Syrians at home and abroad are rejoicing after the toppling of Assad’s brutal regime, with many forced to flee as refugees anxious to return to their homeland and be reunited with their loved ones.
“As soon as they open the airport, I will be there and I will kiss the soil of Syria,” Salem Alaya, who fled from Syria to Britain as a refugee in 2014, said in a phone interview this morning.
Alaya, 38, said he was eager to be reunited with his mother after so many years apart — but, for his father, who died in 2016, just two years after he left, he said, this moment in history comes too late.
“He passed away and I could not attend his funeral,” he said, adding: “My wish is just to say goodbye to my grandmother before she passes away … I could not say that to my dad.”

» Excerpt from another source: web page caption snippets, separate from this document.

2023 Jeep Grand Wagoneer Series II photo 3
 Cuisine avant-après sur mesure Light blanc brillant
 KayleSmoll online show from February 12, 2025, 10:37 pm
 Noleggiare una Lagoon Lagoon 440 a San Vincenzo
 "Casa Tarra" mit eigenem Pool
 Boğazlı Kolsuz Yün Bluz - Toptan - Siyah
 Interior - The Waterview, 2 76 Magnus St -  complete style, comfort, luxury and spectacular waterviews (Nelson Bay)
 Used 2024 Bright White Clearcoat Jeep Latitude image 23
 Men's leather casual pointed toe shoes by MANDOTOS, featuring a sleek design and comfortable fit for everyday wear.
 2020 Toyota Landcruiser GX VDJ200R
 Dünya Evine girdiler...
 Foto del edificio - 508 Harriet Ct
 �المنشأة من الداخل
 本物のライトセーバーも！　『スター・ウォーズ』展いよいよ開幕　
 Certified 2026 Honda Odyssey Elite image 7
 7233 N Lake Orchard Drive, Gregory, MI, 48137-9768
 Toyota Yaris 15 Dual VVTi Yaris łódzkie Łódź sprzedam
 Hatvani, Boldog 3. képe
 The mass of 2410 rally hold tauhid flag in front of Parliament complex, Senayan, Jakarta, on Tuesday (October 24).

Still, Alaya, a father of three and now a British citizen, has built a life with his family in London, where he is in the process of starting a business as a chartered accountant. His life is here now, he said, reflecting a reality shared by many refugees and asylum seekers around the world.
But he is anxious to be able to return to Syria, where he says a number of his loved ones and friends have been held for years as political prisoners, with no word on their whereabouts or conditions for just as long.
“Maybe they died. Maybe they disappeared. Maybe they have been killed inside the prison,” he said. “I hope that we can hear about them.”